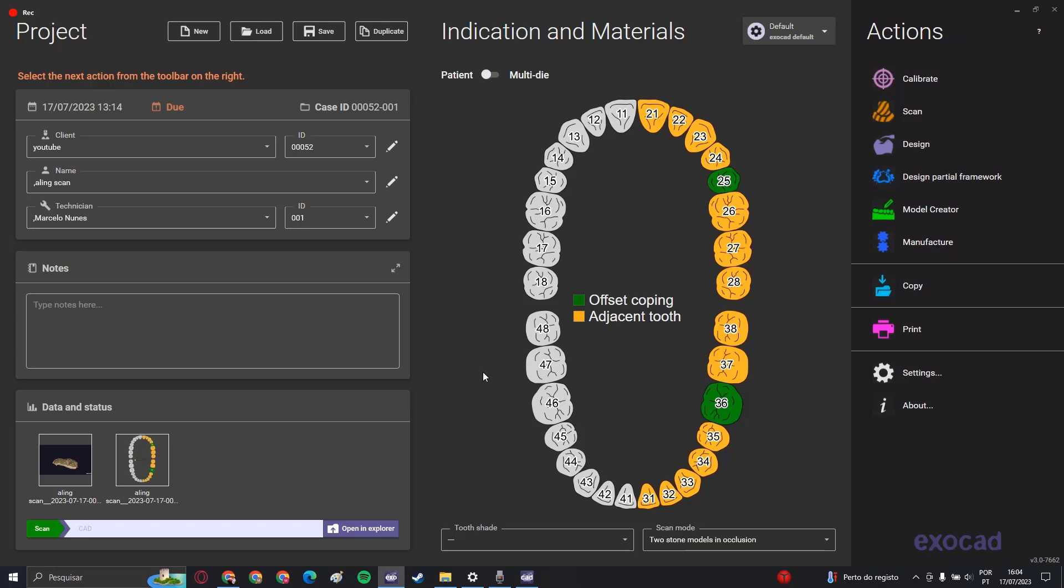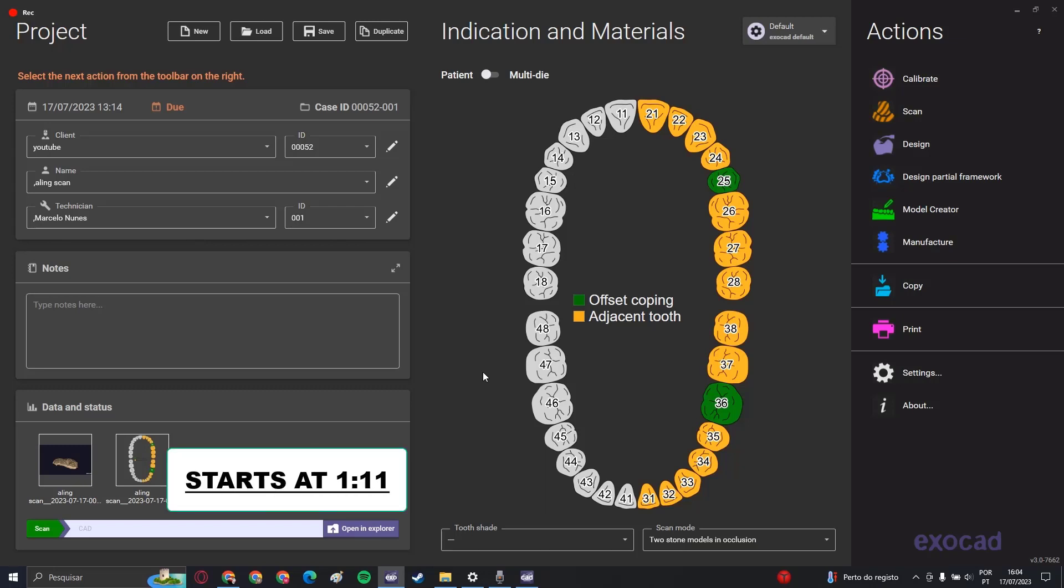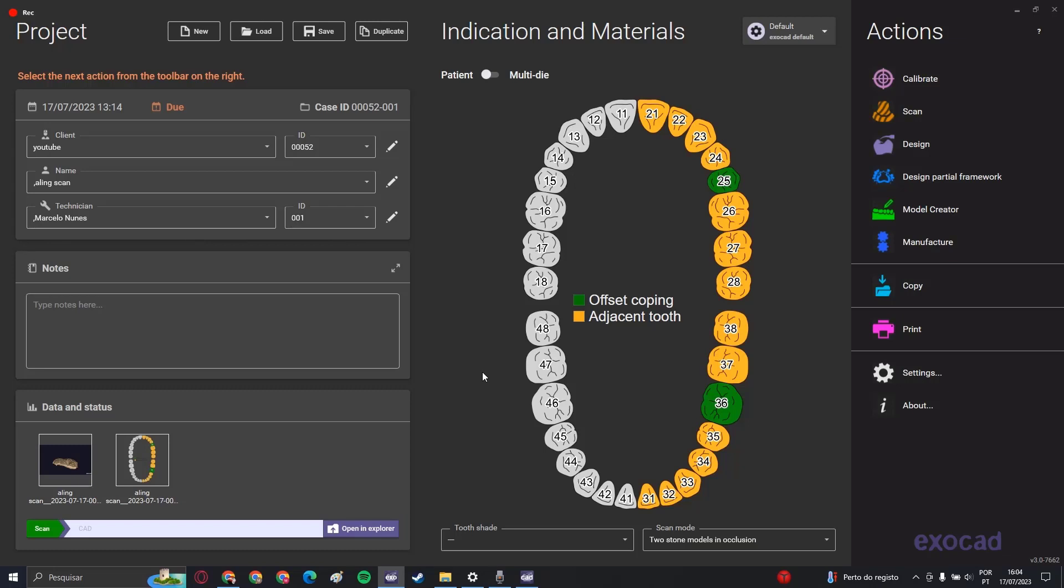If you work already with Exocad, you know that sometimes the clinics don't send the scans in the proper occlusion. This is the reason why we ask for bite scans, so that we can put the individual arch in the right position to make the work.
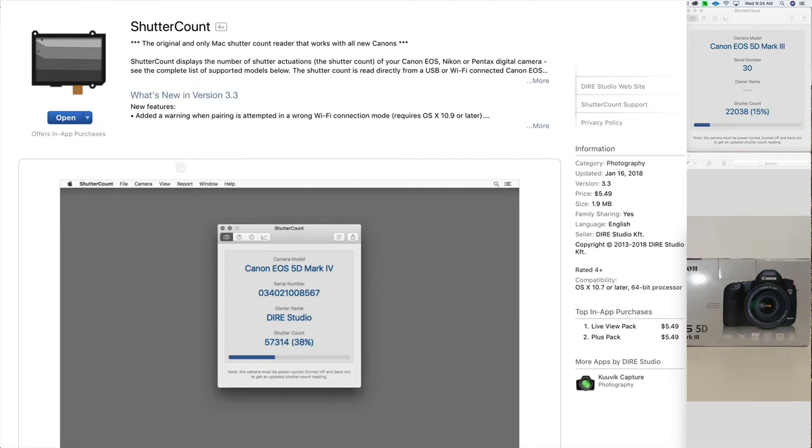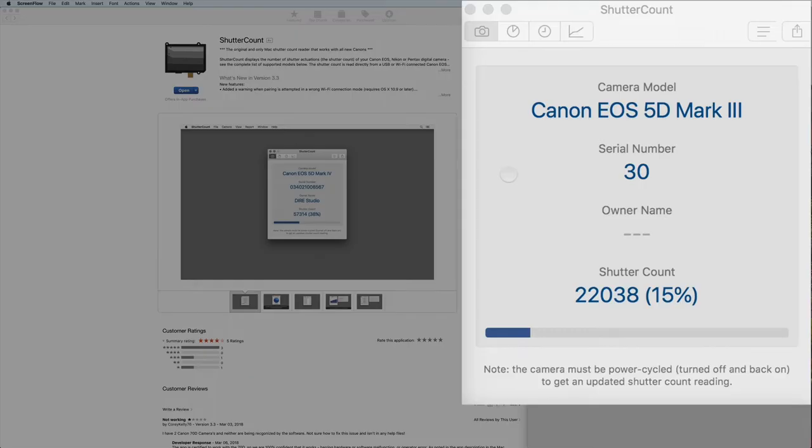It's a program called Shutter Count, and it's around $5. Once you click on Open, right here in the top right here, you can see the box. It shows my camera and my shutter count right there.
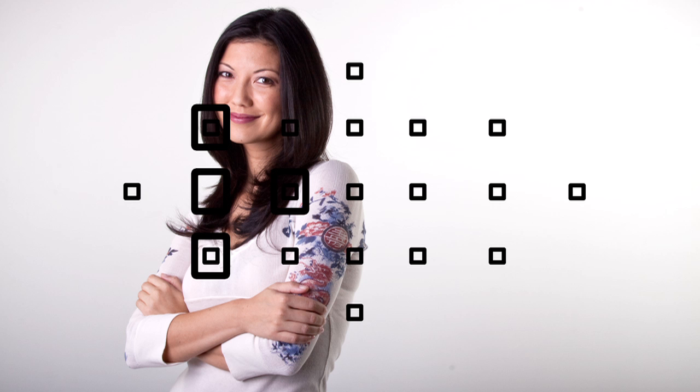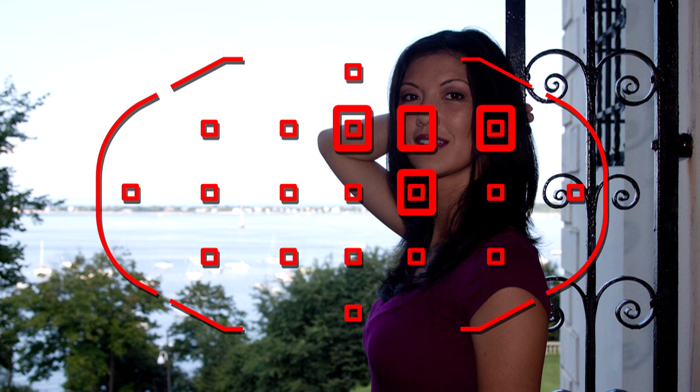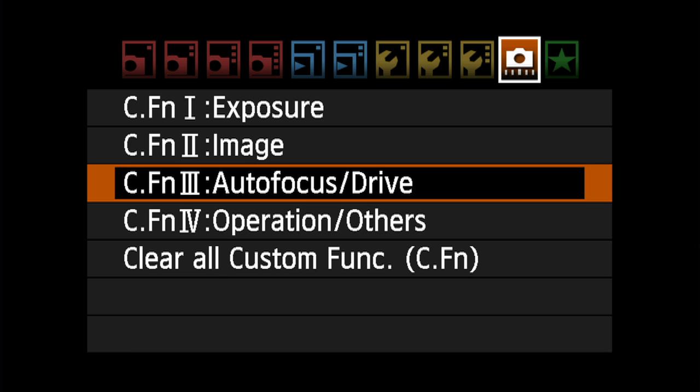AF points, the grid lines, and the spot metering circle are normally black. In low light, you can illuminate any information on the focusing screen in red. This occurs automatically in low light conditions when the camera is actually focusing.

Directions for this task: All of the material above is to be retyped verbatim, with its pictures omitted.

Exercise response:
If you work already with Exocad, you know that sometimes the clinics don't send the scans in the proper occlusion. This is the reason why we ask for bite scans, so that we can put the individual arch in the right position to make the work.
It's a program called Shutter Count, and it's around $5. Once you click on Open, right here in the top right here, you can see the box. It shows my camera and my shutter count right there.
AF points, the grid lines, and the spot metering circle are normally black. In low light, you can illuminate any information on the focusing screen in red. This occurs automatically in low light conditions when the camera is actually focusing.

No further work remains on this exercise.